Consider the reason why high flange stresses would be allowed. Normally when flanges are designed to ASME Section VIII, Division 1, the maximum allowable bolt stress at initial tightening (gasket seating) is around 25,000 psi. We would have to limit the bolt stress to this value and at the same time not exceed the maximum allowable stress for the flange. However, when flanges are assembled in the field, the artisan does not see the calculations for the flange design, and quite frankly he does not care. He usually has a procedure that tells him he must apply a given bolt torque to achieve a bolt stress of 50,000 psi (not the ASME allowable value of 25,000 psi). Somehow the flange survives this brutal treatment. In the case of the ASME code, the design function and what happens in the field is ignored. B31.1 seams to recognize this anomaly.

If you look at the help screen for the ‘Flange Allowable Stress Multiplier’ field, you will see this note:

“This increase is implied in B31.1 Appendix II Section 4.2.3 when it states that the longitudinal hub, tangential and radial stress allowables are equal to the yield stress at design temperature, which is essentially 1.5(S). Users wishing to apply this increased allowable to the radial and tangential operating ASME flange allowables should enter 1.5 in this field. Note, prior to the 1992 edition of the ASME NC code, NC paragraph 3658.1(d) also stated that the tangential and radial stress allowable could be increased 50%. The 1992 edition of NC eliminated this increase on these allowables”


The note above indicates "yield stress at design temperature," meaning that the seating condition is not subject to this B31.1 paragraph.

Now, using a multiplier of 1.5 x S brings the stress up to the yield stress which is the theoretical limiting stress, because plastic deformation occurs when yield stresses are surpassed. However, generally much higher stresses are applied in the field, strongly suggesting that the design of flanges is actually very conservative (I am not recommending increasing this stress multiplier though).

Hello Loren,

Thank you for giving me a free lecture.
As a follow-up question, look at the attached file and see that the allowable seating stress for the longitudinal hub stress is increased same as the allowable operating stress. While the other seating stress allowables were not increased. Why is this so?

Also, Is it logical to think that the flange assembly should be stronger or at least equally strong at seating condition than at design condition ?

Thanks & hoping for your guidance,

Julius,

The hub stress is a bending stress where the other two are not. In someone's interpretation of B31.1 (I am not sure yet who made this decision) the multiplier can apply to this. As for the strength of the flange assembly I would tend to agree with you, but B31.1 specifically states at design temperature and not in the seating condition, which is why I am surprised we are applying the multiplier to the hub stress in the seating condition. Remember that ASME Section VIII does not allow this multiplier.

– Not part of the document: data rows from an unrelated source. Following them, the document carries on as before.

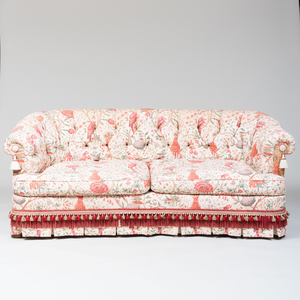 Floral Linen Tufted Upholstered Two Seat Sofa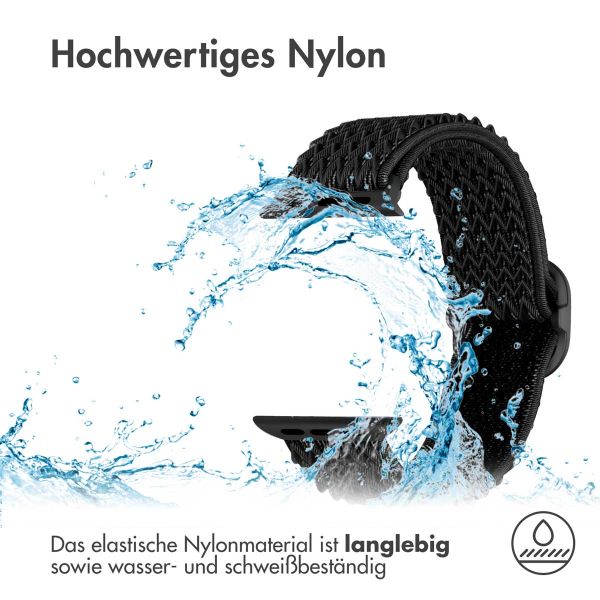 imoshion Elastische Nylonarmband für das Apple Watch Series 1-9 / SE - 38/40/41 mm / Series 10 - 42 mm - Schwarz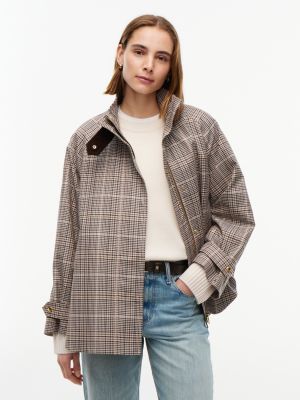 brown check raglan sleeve relaxed cape coat for women tommy hilfiger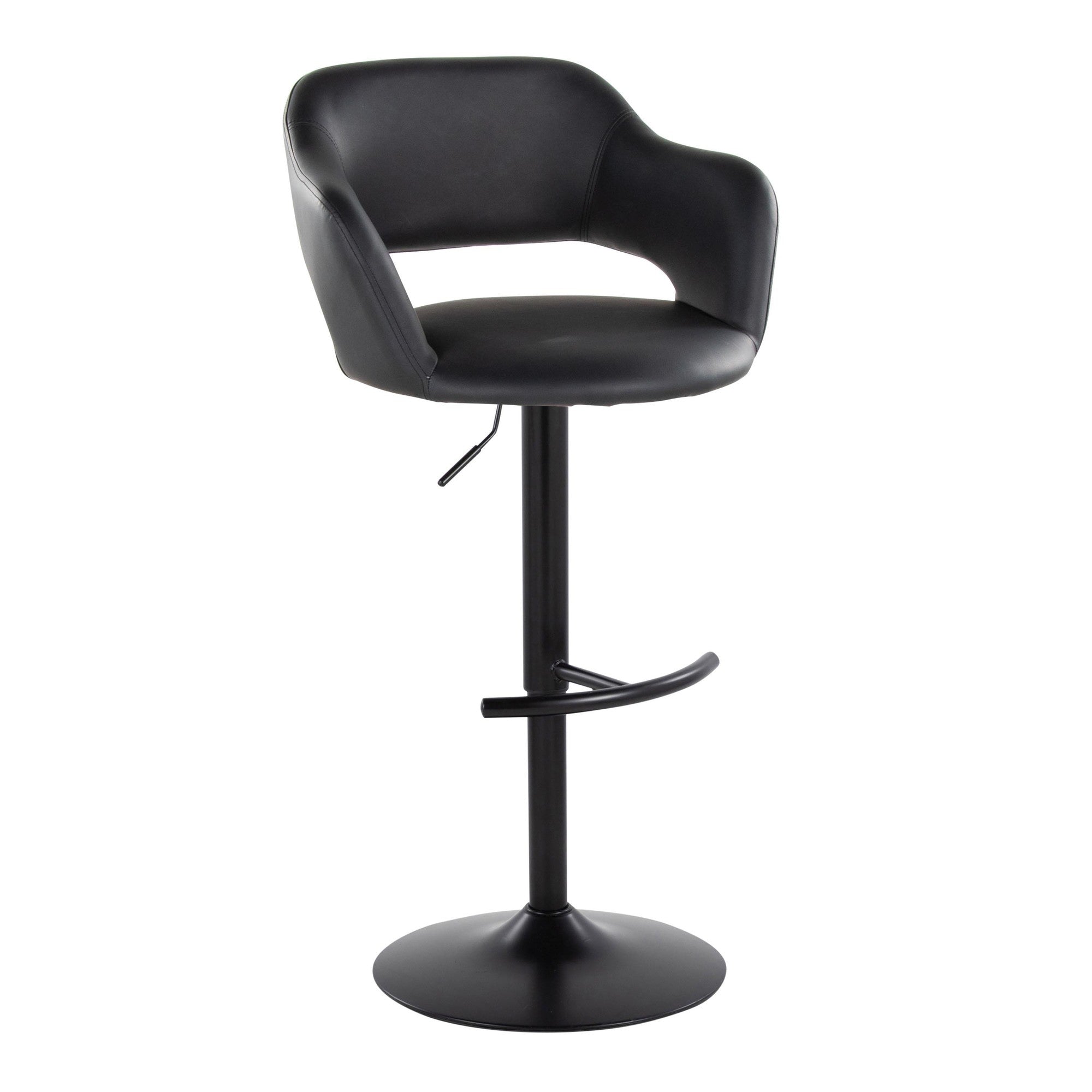 Margarite Adjustable Barstool - Set of 2 - Black Metal, Black PU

The allowable stress multiplier of 1.5 for bending stresses comes from the physics of plastic hinges. It is not a "decision" by the B31 committee, it is reality.

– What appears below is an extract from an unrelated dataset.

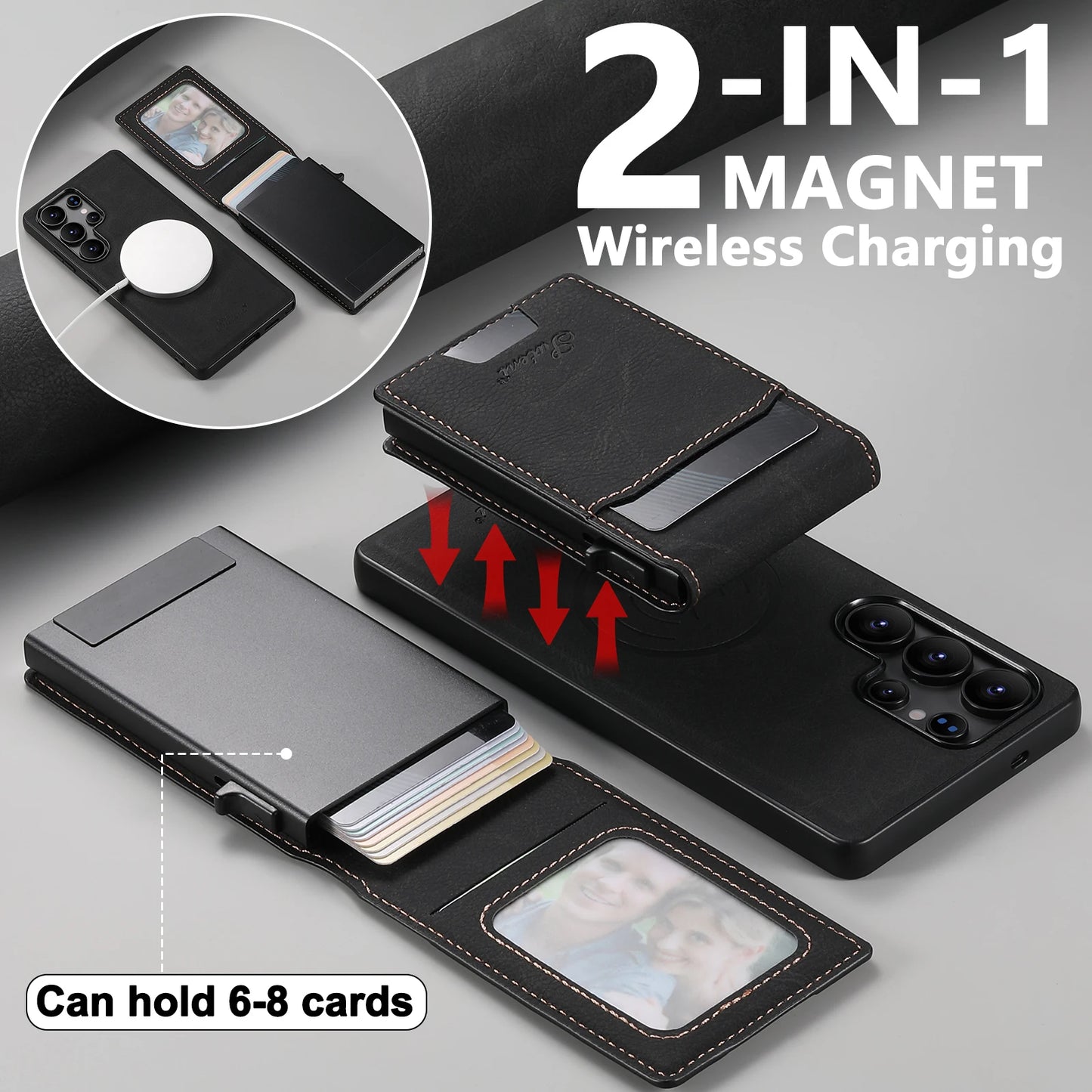 Magnetic PU Leather Wallet Case with Card Slot & Kickstand for Samsung Galaxy S26 Ultra / S25 Plus – Wireless Charging Cover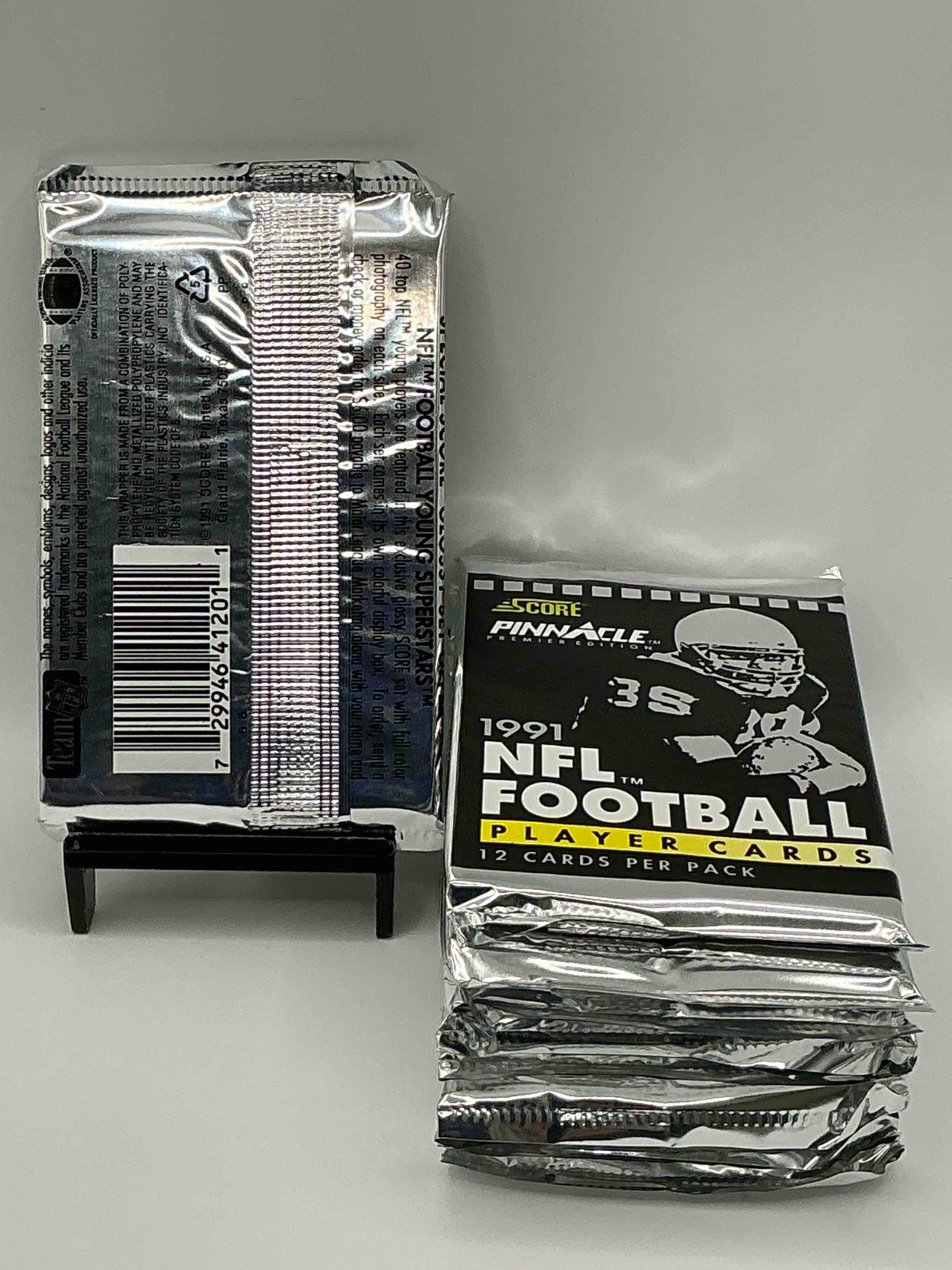 Condition photo showing New/Like New for 1991 Pinnacle Premier Edition Score Unopened Sports Card Packs Direct From Original Box! Search For Valuable Emmitt Smith Cards & Other Stars!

You can go back and read up in Timoshenko or some other basic reference for simple beam theory to see what happens to a round section subjected to a bending load sufficient to produce plastic strains if you want to understand this. Better yet, dig out your simple beam theory text and work through the problem yourself.

Craig,

The allowable stress multiplier of 1.5 for bending stress, if someone uses limit analysis theory for circular c/s will not come come to 1.5, it will come to around 1.33.So I believe that is has to do ( besides limit analysis), a factor that the stress does not exceed y.p.

In fact if inverse of 2/3 i.e. F.O.S on allowable stress , is taken,it comes to 1.5.

Best Regards

Thanks everybody for sharing your thoughts.
I know through this forum that there are modern methods of flange analysis, but I have no knowledge yet on them, that is why I have to use this traditional, proven, conservative approach.

Regards,